Des réponses à leur questionnaire, les auteurs ont tiré la conclusion que 15% de pirates Hadopi ont cessé de recourir au P2P, mais parmi ceux-ci seuls «un tiers a renoncé à toute forme de piratage numérique, alors que les deux tiers restant se sont tournés vers des pratiques alternatives de piratage échappant à la loi Hadopi. (...) La réduction du nombre d’internautes qui utilisent les réseaux peer-to-peer s’est donc accompagnée d’une hausse des autres formes de piratage non prises en compte par la loi Hadopi (+27%). Cet accroissement fait plus que compenser la diminution du nombre d’utilisateurs des réseaux peer-to-peer. Le bilan de la loi Hadopi, 3 mois à peine après son adoption, fait ressortir une légère augmentation du nombre de pirates sur Internet (+3%).»  
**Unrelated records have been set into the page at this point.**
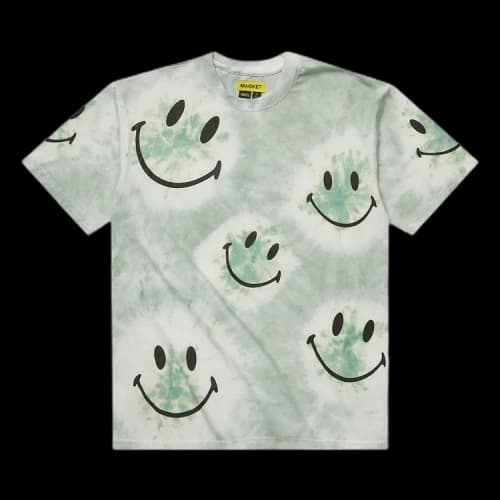 Market Smiley Shibori Dye T-Shirt 'Green'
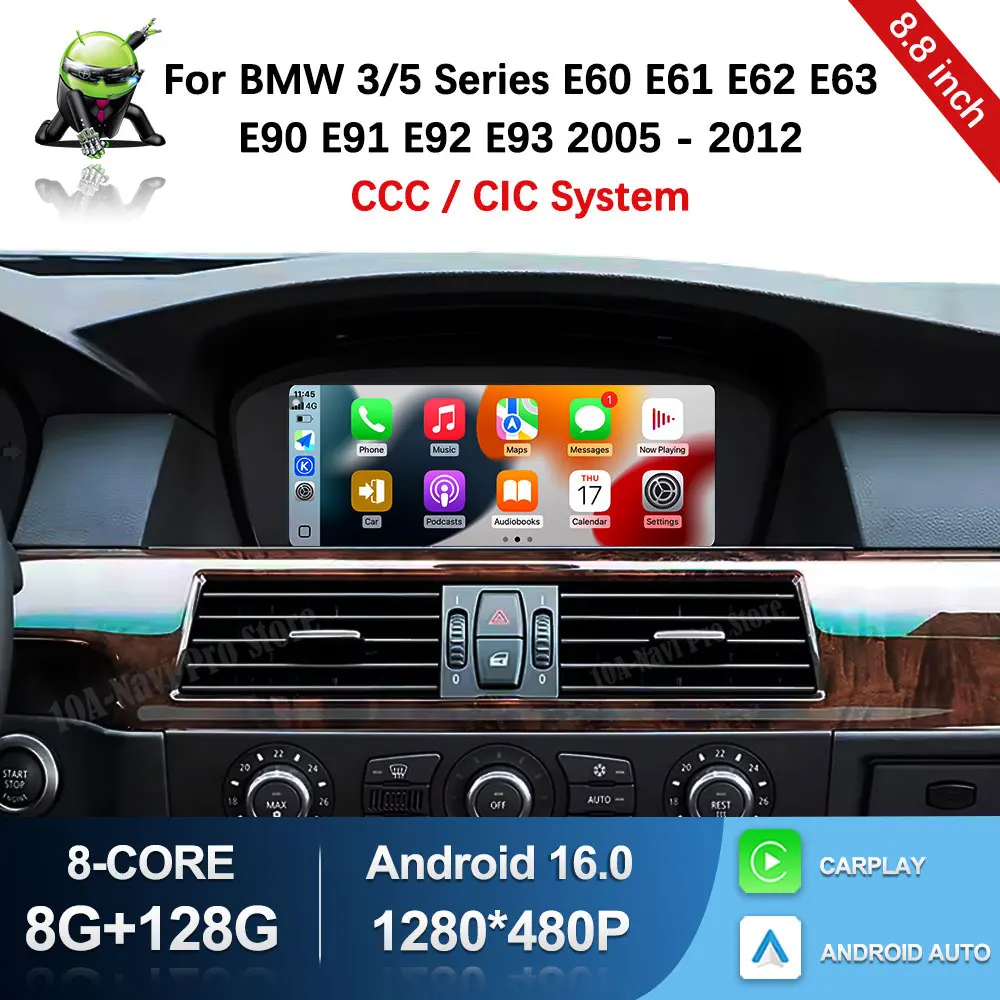 8,8'' Auto-Video-Multimedia-Player Android 16 BT für BMW 3/5er Serie E60 E61 E90 E91 E92 E93 2005 - 2012 CCC CIC System GPS-Navigation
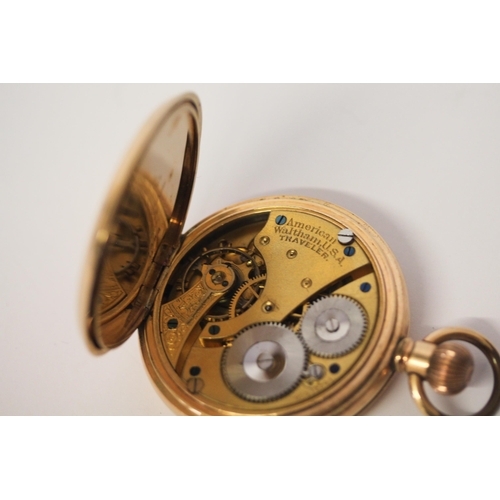 538 - Gold plated Waltham Traveller half hunter pocket watch, with engraved back case.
L'étude montre également que les «pirates» comptent pour moitié parmi les acheteurs de musique et de vidéo sur Internet. «En supposant que les internautes ne modifient pas leur comportement, la loi Hadopi conçue pour soutenir les industries culturelles pourrait paradoxalement, en coupant la connexion Internet des adeptes du Peer-to-Peer, éliminer 27% des acheteurs de vidéo et de musique sur Internet. En poussant plus loin le raisonnement, une coupure de l’accès Internet de tous les pirates réduirait le nombre des acheteurs de vidéo et de musique sur Internet de moitié. La part d’acheteurs est la plus élevée parmi les pirates Hadopi (47%) et les pirates non Hadopi (36%). Les pirates ne sont donc pas des “radins numériques” et le sont moins que les internautes non pirates», écrivent les auteurs.